### Brief
Could you transcribe each record below exactly as written, setting the pictures aside?

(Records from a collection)
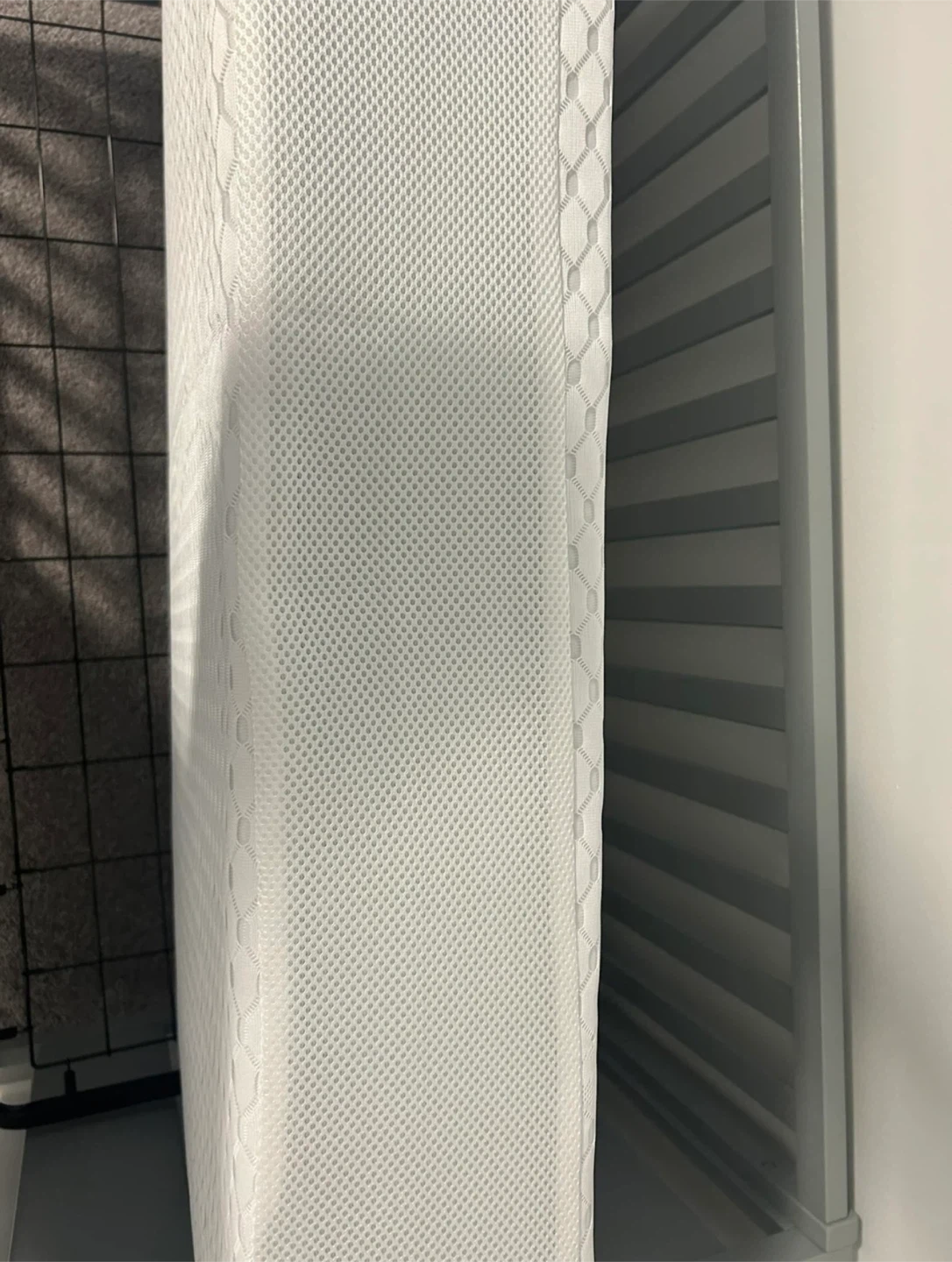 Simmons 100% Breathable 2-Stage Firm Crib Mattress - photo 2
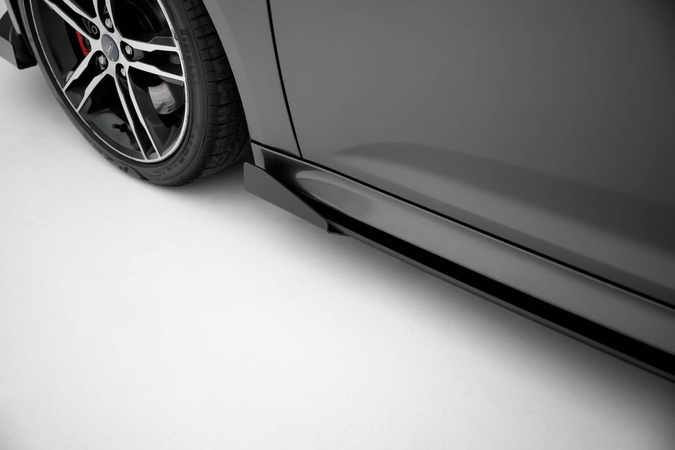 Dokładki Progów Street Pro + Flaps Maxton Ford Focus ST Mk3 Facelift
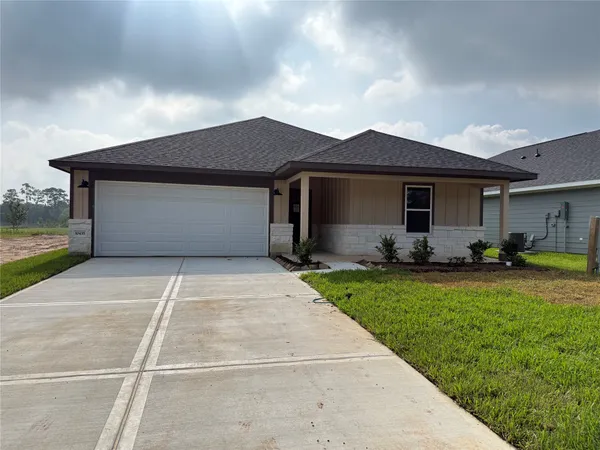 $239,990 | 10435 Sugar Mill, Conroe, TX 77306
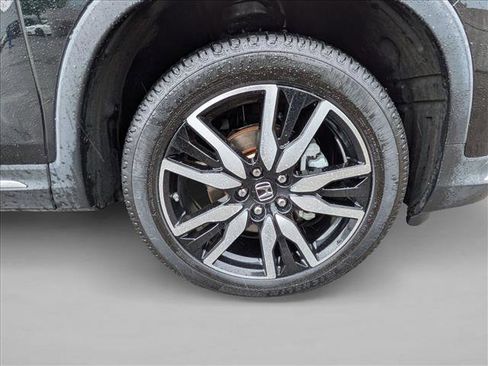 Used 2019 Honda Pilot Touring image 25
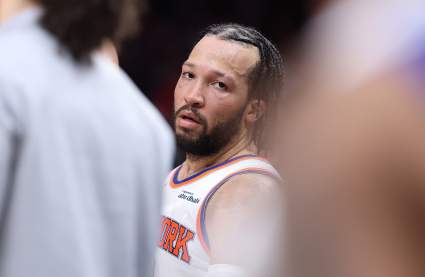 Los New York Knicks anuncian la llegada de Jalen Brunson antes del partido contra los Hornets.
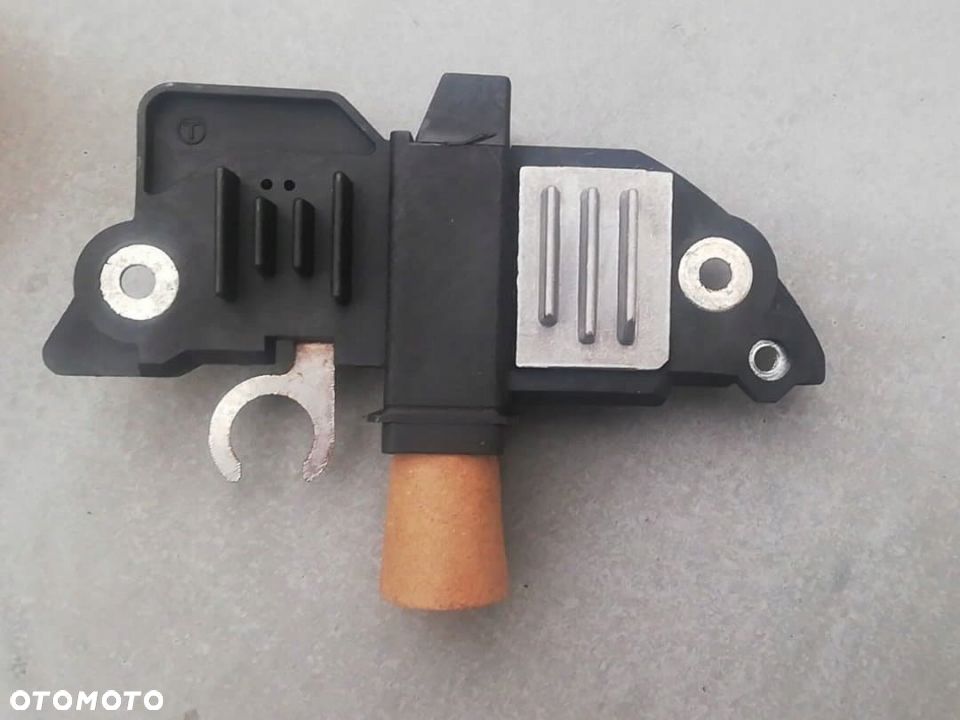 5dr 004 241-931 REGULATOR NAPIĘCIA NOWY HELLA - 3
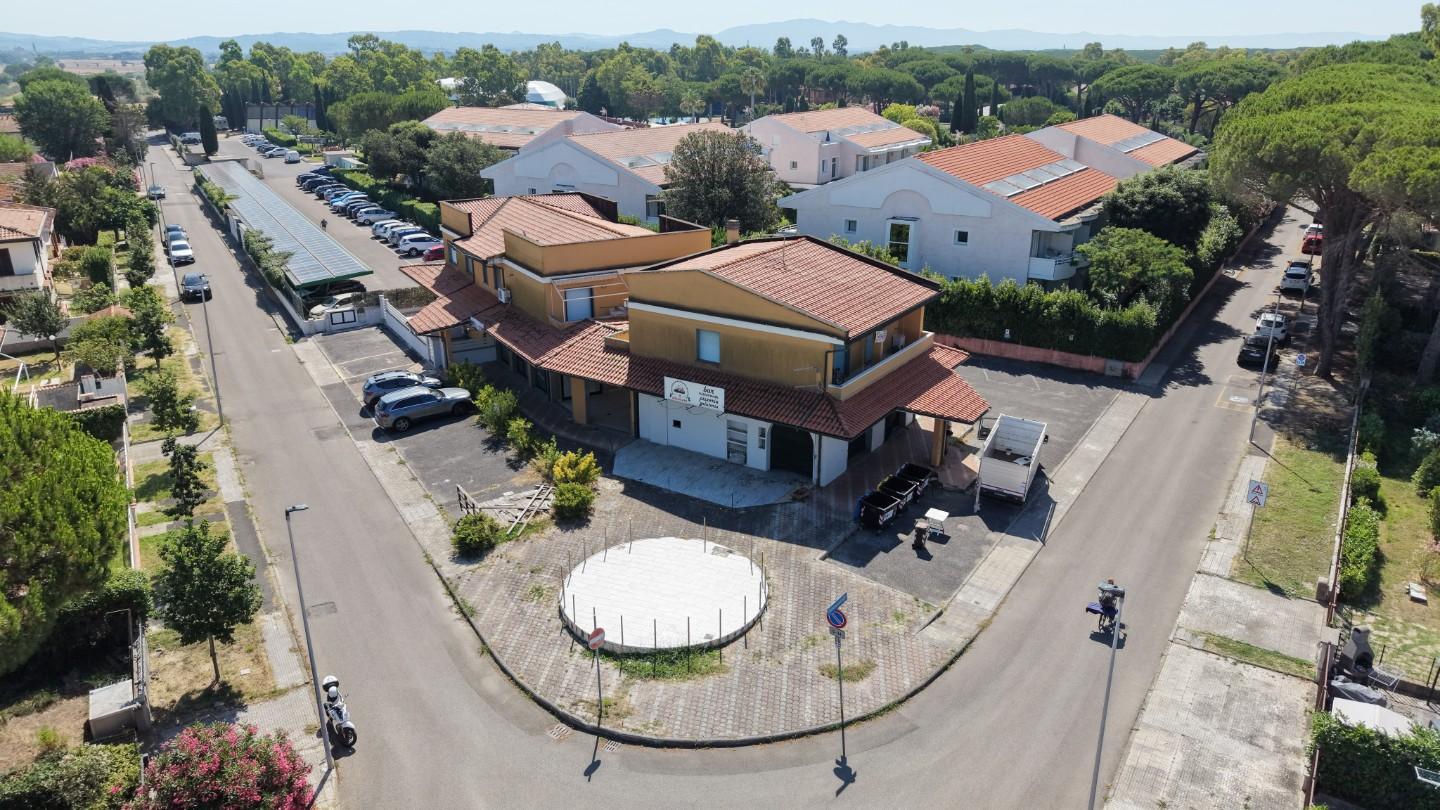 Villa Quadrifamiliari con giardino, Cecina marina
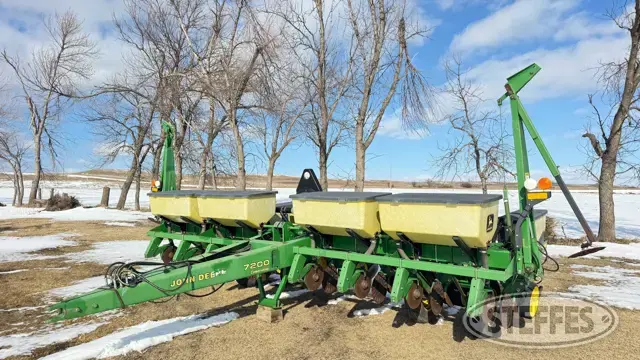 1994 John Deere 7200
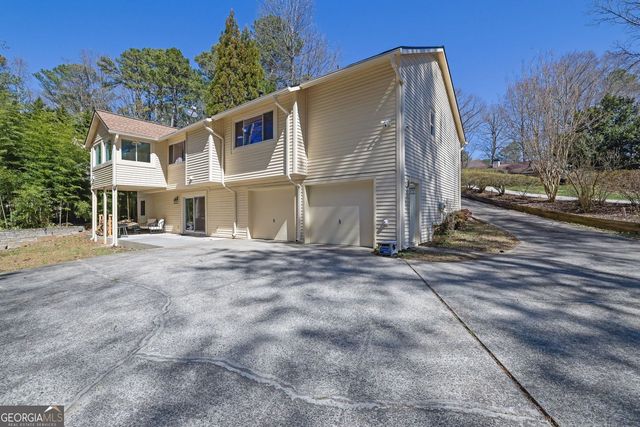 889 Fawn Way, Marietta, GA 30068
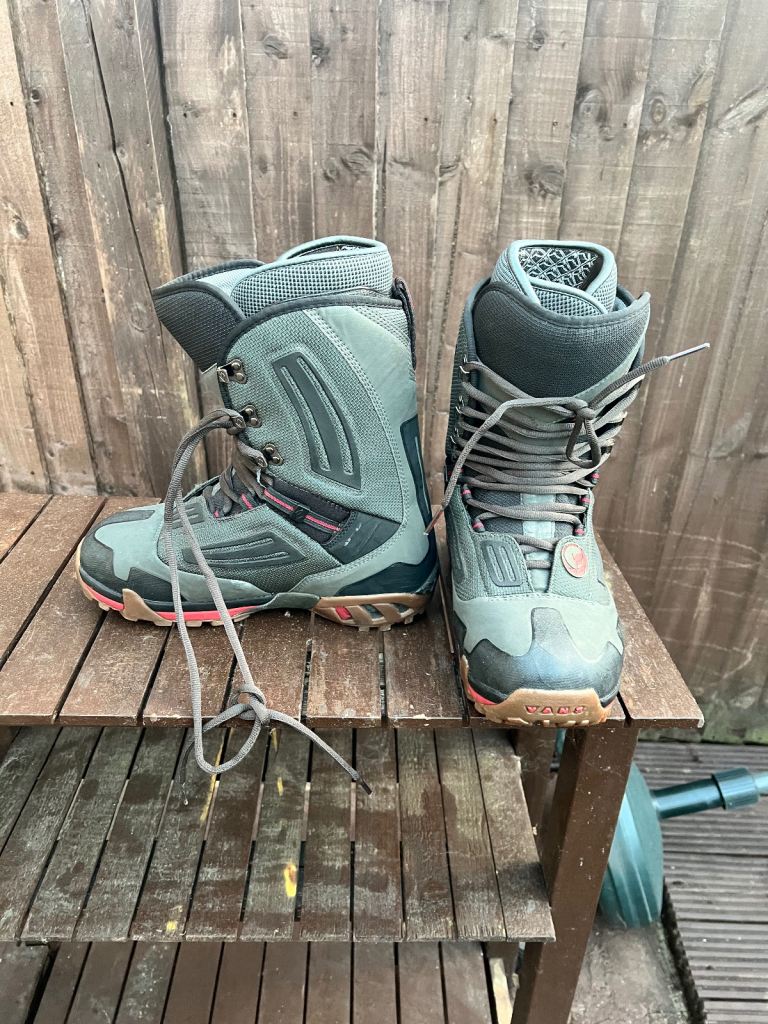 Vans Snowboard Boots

### Solution for this problem
 Simmons 100% Breathable 2-Stage Firm Crib Mattress - photo 2
 Dokładki Progów Street Pro + Flaps Maxton Ford Focus ST Mk3 Facelift
 $239,990 | 10435 Sugar Mill, Conroe, TX 77306
 Used 2019 Honda Pilot Touring image 25
 Los New York Knicks anuncian la llegada de Jalen Brunson antes del partido contra los Hornets.
 5dr 004 241-931 REGULATOR NAPIĘCIA NOWY HELLA - 3
 Villa Quadrifamiliari con giardino, Cecina marina
 1994 John Deere 7200
 889 Fawn Way, Marietta, GA 30068
 Vans Snowboard Boots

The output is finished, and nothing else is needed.